Prawie 700 martwych kur zostało porzuconych w lesie przez nieznanych sprawców. Koszty utylizacji pokryło Nadleśnictwo Nidzica, które szacuje straty na kilka tysięcy złotych. Sprawa została zgłoszona służbom, a leśnicy wierzą, że policja ustali winnych.

Dwa dni – dwa porzucenia
Do szokującego odkrycia doszło pod koniec marca. 31 marca miejscowi leśnicy znaleźli 230 martwych kur na terenie Nadleśnictwa Nidzica (RDLP w Olsztynie). Dzień później, w innym miejscu lasu, natrafili na kolejne porzucone zwłoki – tym razem blisko 500 ptaków.
– Poinformowaliśmy o tym wszystkie służby, które mają w kompetencjach reagowanie na tego typu przypadki – przekazał Marcin Zega, Nadleśniczy Nadleśnictwa Nidzica.
To ptasia grypa!
Wyniki badań laboratoryjnych ZHW w Gdańsku i Instytutu Badawczego w Puławach potwierdziły obecność wirusa grypy ptaków u porzuconych kur – przekazał wczoraj Jarosław Wydrachowski, Powiatowy Lekarz Weterynarii w Nidzicy.
Utylizacja za publiczne pieniądze
Za zebranie i zutylizowanie martwych ptaków zapłaciło nadleśnictwo. Koszty tej operacji wyniosły kilka tysięcy złotych. Pomimo braku informacji o sprawcach, leśnicy mają nadzieję, że śledztwo przyniesie rezultaty, a winni poniosą odpowiedzialność.
To nie pierwszy taki przypadek
Nielegalne porzucanie odpadów w lasach RDLP Olsztyn to problem, który narasta od lat.
- W Nadleśnictwie Kudypy kilka lat temu odkryto 15 tysięcy zgniłych jaj kurzych.

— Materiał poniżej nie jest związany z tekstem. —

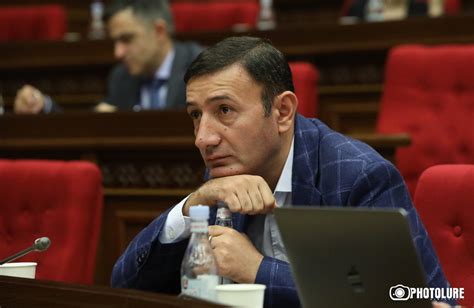 Իսրայելի քայլը և Հայաստանի արձագանքը. Ի՞նչ է պետք հասկանալ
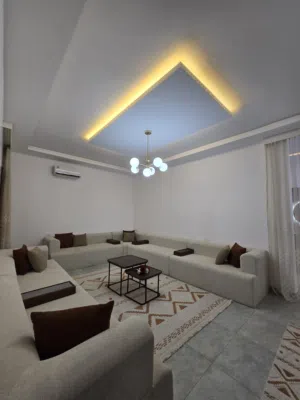 منزل سكني عين زاره الجدادعه بسعر 330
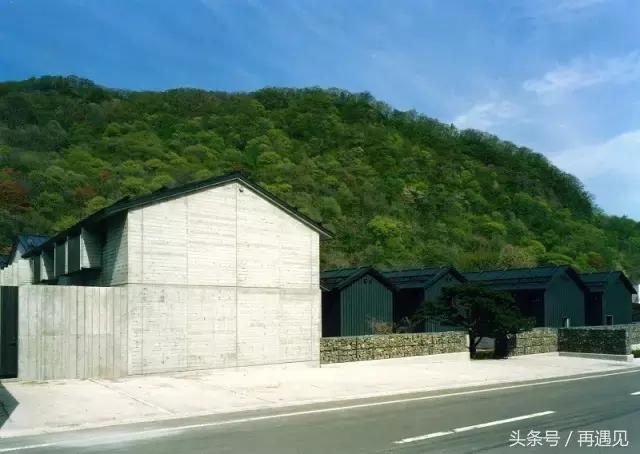 札幌和小樽哪个值得去,北海道的小樽为什么值得去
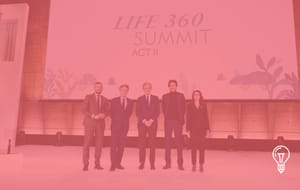 LVMH LIFE 360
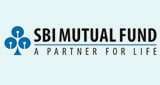 SBI Mutual Fund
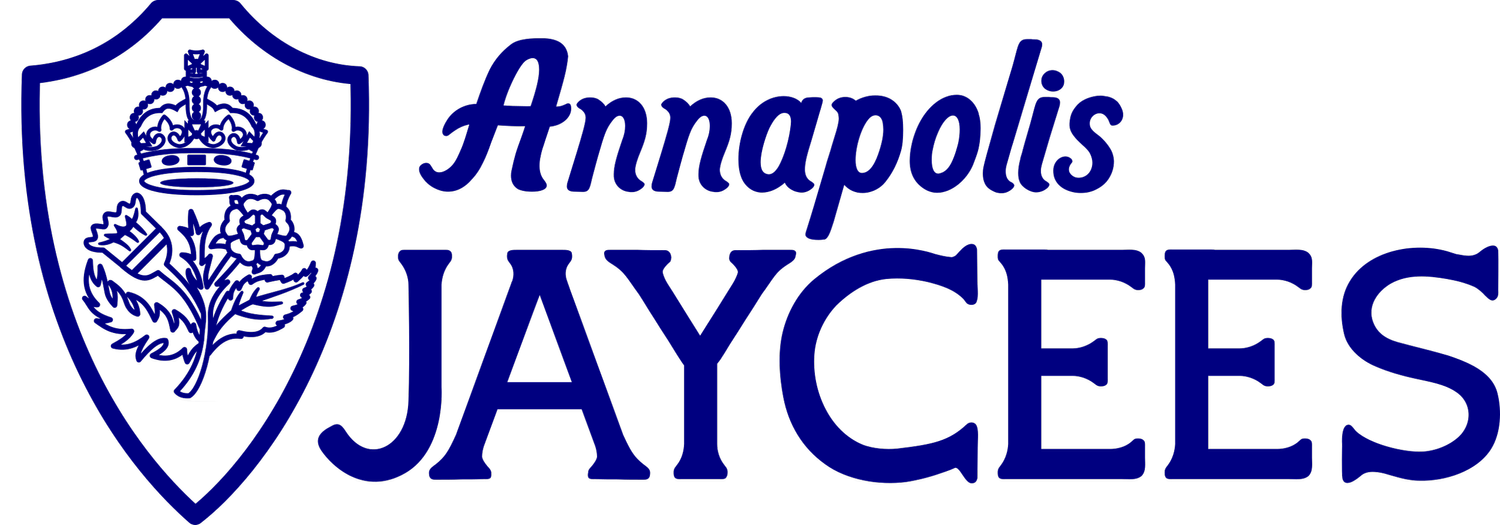 Annapolis Jaycees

- W 2020 roku w Nadleśnictwie Nidzica ktoś zostawił w lesie pojemniki z chemicznymi odpadami, których utylizacja kosztowała aż 130 tys. zł.
W obu przypadkach nie udało się ustalić sprawców.
Leśnicy apelują o pomoc i czujność
Leśnicy proszą lokalną społeczność o zgłaszanie podejrzanych działań w lasach i czujność wobec nielegalnych praktyk. – To nie tylko zagrożenie dla środowiska, ale też realny koszt, który obciąża wszystkich podatników – podkreślają pracownicy Nadleśnictwa Nidzica.